# z24 86 nomad timing problems and running



## kedgenz (Jan 30, 2011)

1986 Nissan Vanette with 286,000 miles 
4 cyl 2.4 Automatic 2 Wheel Drive 

1986 Nissan Vanette z24 rebuild but timing problems

pulley has 5 marks on it what is the timing were is tdc but the marking plate on the block that you lign up the pully marks i can't find it on the left hand side of the pully so is it on the right or left of the pully how do i know correctly if i have ligned up the oilpump and distributor correctly. i found the punch mark on the sharf and lighed it up with the oil hole on the pump and installed it but have seen on the net that when installed the shaft Looking at the distributer end should be at 11.25 but it wasn't at 11.25 but after installing the distributer it ligned up with position 1 on the distributer

the pully with five markets has a keyway in it and when on tdc all the marks are on the righthand side of the engine ?

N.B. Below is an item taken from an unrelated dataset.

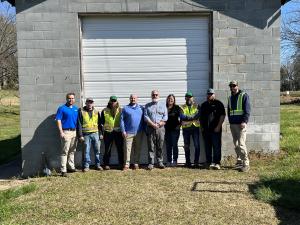 Door Systems and West Stanley pose in front of newly installed garage door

i have the engine running its a bit rough runs but misses every now and then have a timing light and have the far right mark marked with a white pen and the mark when im running the engine is on the right hand side of the pully with the timing light any help it a z24 86 block 834971

i also stripted down the distributer and put it backtogeather and woundering if i have done that correctly only pulling off the mounting plate and cleaned it.

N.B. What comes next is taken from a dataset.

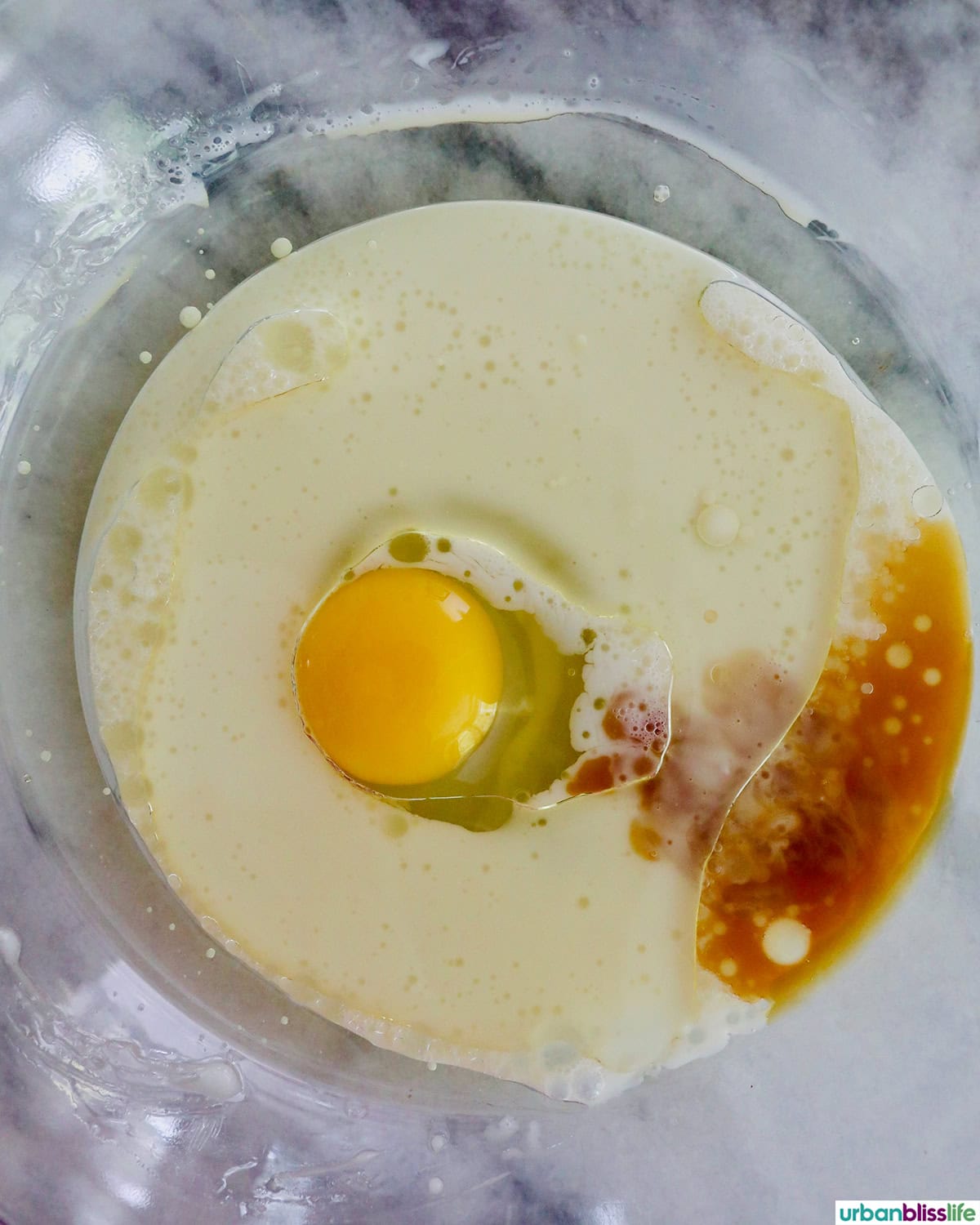 milk, eggs, vanilla extract in a bowl.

i didn't mark it befor pulling the dissy apart but it dosn't look right compered to befor i started pulling apart the engine for head gasket and timing chain replacement the possition of the dissy don't look right i had alot of problems with the points so have an idea where everything was pointing but now its not in that possition it 

it looks like the head been replaced befor but it may have not been put back togeather correctly ether so any ref on were the distributer should be facing its a 4 plug model not a 8

any help or suggestions thanks

(just found a vacum line not connected after pluging it up runs smoth again so just need timing marks now)


----------



## CMax03 (Jan 17, 2009)

plenty of info on this subject already discussed a millon times B4...SEARCH!


----------



## kedgenz (Jan 30, 2011)

have read heaps about it on this forum but alot of it is conflicting one topic says one thing another topic saying a different thing as each model of engine is different so trying to get confermed timing marks for my model of engine as it has all this anti pollution crap on it i have a manual for my model van but again what it says in the book for the timing dont match wats on my van so again looking for anybody that has experance with this type of model


----------



## CMax03 (Jan 17, 2009)

the manual says when the timing is @ TDC the dist drive slot will be @ 11:25.....if not correct it...the first mark TDC moving the crank pulley clockwise.....your pointer is bolted to the timing cover!


----------



## CMax03 (Jan 17, 2009)

See the timing pointer plate on the left side of th pulley dude?


----------



## zanegrey (Dec 5, 2005)

THIS SOUNDS LIKE AN OIL PUMP TIMING PROBLEM...


----------